Training to keep only best saved checkpoints


I’m trying to improve a little bit the way I save and average checkpoints in training. And maybe you have some ideas.

What I would like to achieve is the following: save a checkpoint every x number of steps (cf. save_checkpoints_steps), but only on n best BLEU (similar to what export_on_best does, but saving a checkpoint instead) and based on the maximum number of checkpoints to keep (cf. keep_checkpoint_max), to eventually average them.

I would like to do so because I observed that latest n checkpoints are not necessarily the best n checkpoints from the entire training. Actually, it is quite normal to see a slight degradation in the latest checkpoints, which I would like to avoid for generating the averaged model.
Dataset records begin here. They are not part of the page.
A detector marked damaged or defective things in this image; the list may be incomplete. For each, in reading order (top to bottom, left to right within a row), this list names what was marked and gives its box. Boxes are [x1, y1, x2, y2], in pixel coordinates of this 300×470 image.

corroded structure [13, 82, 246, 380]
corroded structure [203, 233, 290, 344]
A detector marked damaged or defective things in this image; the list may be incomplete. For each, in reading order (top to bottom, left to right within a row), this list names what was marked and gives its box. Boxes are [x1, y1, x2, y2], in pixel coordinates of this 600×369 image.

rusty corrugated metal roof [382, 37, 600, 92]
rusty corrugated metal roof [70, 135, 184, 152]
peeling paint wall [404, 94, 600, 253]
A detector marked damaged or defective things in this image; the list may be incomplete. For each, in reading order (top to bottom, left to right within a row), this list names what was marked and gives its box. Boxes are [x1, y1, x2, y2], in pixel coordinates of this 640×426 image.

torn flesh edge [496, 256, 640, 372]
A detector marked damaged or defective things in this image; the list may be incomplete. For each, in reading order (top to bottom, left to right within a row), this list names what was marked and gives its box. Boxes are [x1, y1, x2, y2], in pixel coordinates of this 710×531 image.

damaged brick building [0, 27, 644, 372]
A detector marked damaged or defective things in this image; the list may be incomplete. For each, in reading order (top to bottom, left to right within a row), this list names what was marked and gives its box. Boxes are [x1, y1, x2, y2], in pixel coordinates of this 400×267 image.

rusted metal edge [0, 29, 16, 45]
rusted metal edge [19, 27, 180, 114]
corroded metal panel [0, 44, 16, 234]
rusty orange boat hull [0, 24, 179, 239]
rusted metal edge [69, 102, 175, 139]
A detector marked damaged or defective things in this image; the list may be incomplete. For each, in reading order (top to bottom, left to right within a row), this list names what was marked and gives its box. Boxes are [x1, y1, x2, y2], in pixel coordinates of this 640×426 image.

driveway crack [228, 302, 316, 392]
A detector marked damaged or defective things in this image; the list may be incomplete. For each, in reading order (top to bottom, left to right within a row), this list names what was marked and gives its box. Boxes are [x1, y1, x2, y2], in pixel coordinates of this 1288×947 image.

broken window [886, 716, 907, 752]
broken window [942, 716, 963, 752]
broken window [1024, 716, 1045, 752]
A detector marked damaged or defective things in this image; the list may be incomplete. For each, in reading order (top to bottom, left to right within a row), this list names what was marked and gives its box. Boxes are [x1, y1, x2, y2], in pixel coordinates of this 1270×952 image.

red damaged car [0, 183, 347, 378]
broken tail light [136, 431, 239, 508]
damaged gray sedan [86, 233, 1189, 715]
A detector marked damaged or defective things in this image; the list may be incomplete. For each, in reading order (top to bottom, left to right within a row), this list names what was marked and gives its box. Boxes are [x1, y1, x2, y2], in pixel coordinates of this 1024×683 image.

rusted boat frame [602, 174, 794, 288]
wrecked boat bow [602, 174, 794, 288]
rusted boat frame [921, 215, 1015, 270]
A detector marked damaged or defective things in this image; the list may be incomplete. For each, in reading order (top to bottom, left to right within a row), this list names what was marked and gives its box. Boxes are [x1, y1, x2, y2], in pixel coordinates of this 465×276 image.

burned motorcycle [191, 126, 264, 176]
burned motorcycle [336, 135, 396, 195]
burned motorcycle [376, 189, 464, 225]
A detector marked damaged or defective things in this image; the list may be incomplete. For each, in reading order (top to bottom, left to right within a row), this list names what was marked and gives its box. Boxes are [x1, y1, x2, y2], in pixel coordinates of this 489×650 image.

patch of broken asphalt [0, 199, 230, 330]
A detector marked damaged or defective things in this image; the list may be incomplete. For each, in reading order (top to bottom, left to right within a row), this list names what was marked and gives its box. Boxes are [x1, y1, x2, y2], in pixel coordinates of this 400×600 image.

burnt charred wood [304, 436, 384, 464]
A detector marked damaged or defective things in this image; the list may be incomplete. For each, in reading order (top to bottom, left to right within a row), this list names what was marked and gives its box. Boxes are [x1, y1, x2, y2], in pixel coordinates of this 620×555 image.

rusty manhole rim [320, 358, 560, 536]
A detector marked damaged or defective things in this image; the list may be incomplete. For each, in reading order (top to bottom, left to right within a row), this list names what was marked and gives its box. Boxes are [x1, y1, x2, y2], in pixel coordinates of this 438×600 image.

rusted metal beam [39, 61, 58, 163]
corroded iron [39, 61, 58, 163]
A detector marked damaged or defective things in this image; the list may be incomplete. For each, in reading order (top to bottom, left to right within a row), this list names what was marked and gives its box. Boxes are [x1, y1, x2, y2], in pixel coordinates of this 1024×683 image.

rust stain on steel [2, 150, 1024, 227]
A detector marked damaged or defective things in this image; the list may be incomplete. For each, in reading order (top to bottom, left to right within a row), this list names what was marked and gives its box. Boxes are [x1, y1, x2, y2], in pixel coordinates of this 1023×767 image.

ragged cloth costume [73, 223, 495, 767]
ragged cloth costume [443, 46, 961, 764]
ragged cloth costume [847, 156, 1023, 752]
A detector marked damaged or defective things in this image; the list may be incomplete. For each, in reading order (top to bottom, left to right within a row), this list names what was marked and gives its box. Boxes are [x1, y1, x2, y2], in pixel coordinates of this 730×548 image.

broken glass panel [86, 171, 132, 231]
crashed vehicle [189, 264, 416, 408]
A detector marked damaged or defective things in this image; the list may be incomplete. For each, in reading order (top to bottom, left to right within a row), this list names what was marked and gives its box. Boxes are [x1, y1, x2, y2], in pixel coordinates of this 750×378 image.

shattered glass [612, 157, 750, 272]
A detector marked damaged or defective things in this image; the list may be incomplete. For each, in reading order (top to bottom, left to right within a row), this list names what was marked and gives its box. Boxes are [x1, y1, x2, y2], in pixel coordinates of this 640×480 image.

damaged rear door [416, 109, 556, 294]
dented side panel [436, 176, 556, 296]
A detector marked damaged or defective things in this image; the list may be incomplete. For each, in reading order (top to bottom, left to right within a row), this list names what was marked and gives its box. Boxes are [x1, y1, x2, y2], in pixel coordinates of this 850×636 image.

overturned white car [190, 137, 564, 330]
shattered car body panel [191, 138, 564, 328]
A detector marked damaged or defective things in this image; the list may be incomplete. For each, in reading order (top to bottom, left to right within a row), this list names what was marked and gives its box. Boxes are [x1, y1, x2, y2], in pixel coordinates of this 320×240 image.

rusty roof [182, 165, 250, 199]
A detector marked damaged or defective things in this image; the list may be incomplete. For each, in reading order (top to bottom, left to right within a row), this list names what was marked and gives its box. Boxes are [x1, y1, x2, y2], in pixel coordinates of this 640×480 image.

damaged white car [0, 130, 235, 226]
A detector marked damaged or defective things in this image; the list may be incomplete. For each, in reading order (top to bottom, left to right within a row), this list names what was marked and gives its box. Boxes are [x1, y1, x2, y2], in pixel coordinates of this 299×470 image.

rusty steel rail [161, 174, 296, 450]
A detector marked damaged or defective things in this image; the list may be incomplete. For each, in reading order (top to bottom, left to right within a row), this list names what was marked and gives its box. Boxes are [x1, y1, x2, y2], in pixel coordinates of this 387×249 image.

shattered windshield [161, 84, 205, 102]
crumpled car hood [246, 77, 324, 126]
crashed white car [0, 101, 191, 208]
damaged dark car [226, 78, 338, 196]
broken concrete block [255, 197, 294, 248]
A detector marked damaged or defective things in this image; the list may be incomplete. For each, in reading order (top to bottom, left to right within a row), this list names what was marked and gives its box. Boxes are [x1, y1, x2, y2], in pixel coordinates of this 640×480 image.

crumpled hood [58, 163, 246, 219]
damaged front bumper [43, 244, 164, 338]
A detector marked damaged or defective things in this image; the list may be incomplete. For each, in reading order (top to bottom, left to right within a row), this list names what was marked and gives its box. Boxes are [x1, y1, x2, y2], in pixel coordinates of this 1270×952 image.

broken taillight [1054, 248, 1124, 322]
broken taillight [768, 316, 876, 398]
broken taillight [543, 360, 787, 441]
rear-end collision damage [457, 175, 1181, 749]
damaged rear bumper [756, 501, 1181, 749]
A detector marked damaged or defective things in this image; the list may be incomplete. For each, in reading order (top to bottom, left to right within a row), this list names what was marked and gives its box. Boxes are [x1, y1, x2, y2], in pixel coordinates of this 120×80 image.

I understand that the evaluation runs independently from the checkpoint saving by design, but it would be nice to have something like keep_best in addition to save_checkpoints_steps, so training only keeps a checkpoint if the BLEU from eval is within the n best checkpoints.

What do you think?


Did you try export_on_best with export_format: checkpoint and max_exports_to_keep?

There may be additional steps to gather the exported checkpoints for averaging, but I think what you want to do is already possible with existing options.

Many thanks for the hint, Guillaume.

The only issue I see there is that I would need to rely on eval to export the checkpoints and I only run eval every 5k steps, while I would like to keep saving checkpoints every 1k. I guess running eval every 1k would be the solution, but it would definitely have an impact on the training time.

You can have both checkpoint saving during training and checkpoint export during evaluation. They are independent and can run with different frequencies. But the “export on best BLEU” logic can obviously only apply after an evaluation.

Yes, it’s clear. Thanks for your help!